Fathers participated in only five of the 17 interviews. Nevertheless, these fathers were positive about the features of the application. Reasons for limited participation may have been that mothers are still primary caregivers on paid leave, hospitals’ coronavirus disease 2019 precautions and visit restrictions disfavoured fathers, and fathers had started working by the time of the second interview. In this situation, the possibility of sharing content could have been favourable to utilise Heart OBServation for both parents.
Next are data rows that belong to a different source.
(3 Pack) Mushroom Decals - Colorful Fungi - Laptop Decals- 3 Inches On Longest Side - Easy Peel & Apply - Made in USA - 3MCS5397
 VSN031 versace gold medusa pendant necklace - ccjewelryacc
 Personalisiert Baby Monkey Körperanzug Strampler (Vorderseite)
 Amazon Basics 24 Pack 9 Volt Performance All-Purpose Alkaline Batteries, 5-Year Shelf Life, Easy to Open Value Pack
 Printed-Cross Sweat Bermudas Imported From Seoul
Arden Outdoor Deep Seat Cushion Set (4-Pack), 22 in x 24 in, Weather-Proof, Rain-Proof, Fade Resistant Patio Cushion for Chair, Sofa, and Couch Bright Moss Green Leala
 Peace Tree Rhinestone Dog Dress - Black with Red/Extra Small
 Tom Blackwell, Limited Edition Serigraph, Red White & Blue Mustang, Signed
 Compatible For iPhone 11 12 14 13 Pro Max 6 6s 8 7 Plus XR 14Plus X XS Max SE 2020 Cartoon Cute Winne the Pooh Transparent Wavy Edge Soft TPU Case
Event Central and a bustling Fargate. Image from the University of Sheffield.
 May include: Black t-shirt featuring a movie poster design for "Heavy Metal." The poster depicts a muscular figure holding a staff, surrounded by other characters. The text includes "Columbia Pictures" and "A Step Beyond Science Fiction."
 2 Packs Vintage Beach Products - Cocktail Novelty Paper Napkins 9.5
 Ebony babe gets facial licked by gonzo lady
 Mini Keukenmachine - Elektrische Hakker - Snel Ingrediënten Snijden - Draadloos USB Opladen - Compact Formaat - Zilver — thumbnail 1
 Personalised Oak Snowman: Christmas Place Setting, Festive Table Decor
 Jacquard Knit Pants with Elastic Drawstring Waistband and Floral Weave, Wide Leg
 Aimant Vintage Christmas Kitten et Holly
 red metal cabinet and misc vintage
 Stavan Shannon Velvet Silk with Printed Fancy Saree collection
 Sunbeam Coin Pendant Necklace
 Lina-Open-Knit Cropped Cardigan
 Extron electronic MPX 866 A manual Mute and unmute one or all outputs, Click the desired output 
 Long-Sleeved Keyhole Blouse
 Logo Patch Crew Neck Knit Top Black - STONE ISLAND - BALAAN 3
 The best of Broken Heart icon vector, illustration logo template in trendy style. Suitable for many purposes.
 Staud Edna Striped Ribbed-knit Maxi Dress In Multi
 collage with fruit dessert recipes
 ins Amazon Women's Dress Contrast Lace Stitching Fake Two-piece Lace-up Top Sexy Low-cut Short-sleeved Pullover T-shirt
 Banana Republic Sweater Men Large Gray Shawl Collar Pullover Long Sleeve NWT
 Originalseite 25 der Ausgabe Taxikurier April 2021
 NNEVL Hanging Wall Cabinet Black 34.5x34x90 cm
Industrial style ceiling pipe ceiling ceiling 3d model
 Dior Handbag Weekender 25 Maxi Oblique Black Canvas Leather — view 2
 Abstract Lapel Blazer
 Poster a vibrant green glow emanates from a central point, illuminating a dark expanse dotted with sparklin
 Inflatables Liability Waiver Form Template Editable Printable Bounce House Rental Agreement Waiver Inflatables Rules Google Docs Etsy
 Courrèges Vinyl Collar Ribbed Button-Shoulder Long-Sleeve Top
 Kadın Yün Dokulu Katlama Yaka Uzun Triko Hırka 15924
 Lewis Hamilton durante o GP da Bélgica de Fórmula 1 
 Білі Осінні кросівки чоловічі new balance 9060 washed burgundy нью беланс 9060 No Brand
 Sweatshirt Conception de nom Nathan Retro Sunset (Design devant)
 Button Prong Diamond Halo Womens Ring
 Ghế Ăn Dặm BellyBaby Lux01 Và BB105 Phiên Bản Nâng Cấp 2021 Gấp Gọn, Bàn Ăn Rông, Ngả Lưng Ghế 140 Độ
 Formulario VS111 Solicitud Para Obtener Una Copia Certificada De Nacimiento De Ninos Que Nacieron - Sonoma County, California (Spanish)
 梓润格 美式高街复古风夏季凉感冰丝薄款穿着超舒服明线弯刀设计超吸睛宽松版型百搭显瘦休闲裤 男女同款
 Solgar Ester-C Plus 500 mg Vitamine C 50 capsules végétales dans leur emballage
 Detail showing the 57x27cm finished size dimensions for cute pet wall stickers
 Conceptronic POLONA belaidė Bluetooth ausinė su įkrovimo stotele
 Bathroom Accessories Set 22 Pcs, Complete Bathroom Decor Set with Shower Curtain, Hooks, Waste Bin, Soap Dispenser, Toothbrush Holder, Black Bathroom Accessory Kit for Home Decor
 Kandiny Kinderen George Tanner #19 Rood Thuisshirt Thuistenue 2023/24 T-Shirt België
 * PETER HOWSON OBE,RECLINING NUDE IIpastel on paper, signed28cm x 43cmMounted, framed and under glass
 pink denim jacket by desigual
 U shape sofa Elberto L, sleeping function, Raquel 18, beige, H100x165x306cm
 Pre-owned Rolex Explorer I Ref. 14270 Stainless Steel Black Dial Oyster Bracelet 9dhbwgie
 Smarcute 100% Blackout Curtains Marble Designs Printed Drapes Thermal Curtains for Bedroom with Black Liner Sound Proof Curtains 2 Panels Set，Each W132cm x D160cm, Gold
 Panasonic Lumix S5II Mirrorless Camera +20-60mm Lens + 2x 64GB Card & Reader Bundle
There are limitations to the present work related to the short trial period and small number of patients. One of the aims of the application is to empower parents to recognise deterioration in their children. Although many parents acknowledged the benefit of having a checklist of symptoms to look for, only one family experienced deterioration during the trial period, which is not enough to claim that Heart OBServation increases their capability to recognise and act on possible deteriorations. On the other hand, half of the included families used the assessment function when managing uncertainty of symptoms like crying and vomiting and felt reassured and did not contact healthcare professionals. This reassurance could be a potential benefit.
Conclusion
This study is the first to evaluate usability of features in a mobile application, to support parents to infants with a broad spectrum of severe CHD diagnosis. The Heart OBServation app combines new and already established strategies to prepare and support parents with severe CHD in one interactive application. This application aims to increase parents’ awareness of their infant’s normal (habitual) condition, help them assess signs of deterioration, decide who and when to contact for health services if necessary, and what to report. Heart OBServation was well received by parents and nurses in this usability study. The feasibility and benefits of this application in clinical practice will be investigated in further studies.
Acknowledgements
The authors acknowledge the solution architect and developer Henning Harmens in Hena AS, who collaborated with user experience designer Snorre Berge in Knirkefritt and illustrator Flu Hartberg, who drew the icons. We also acknowledge Pia Bråss, chief adviser in the Norwegian Association for Children with CHD, and Eli Våbenø, mother of a child with CHD, who provided valuable feedback in the development process. Other contributors in the process have been physician Astri Lang and nurse Ragnhild Hillestad Andersen. SAGE Author services performed the language editing before the last version.
Financial support
The Dam Foundation (grant number 2019/HEl-261465) supported the development of the Heart OBServation app. The Association of Children with Cardiac Disease Research Foundation (grant number 119) financed the present acceptance and usability study.
Conflicts of interest
None.
Ethical standards
Ethical approval for this study was obtained from the Regional Committee for Medical and Health Research Ethics, South East, Norway (2019/1271). All patients received written information about the study before giving their written consent to participate and were informed that they could withdraw from the study at any time.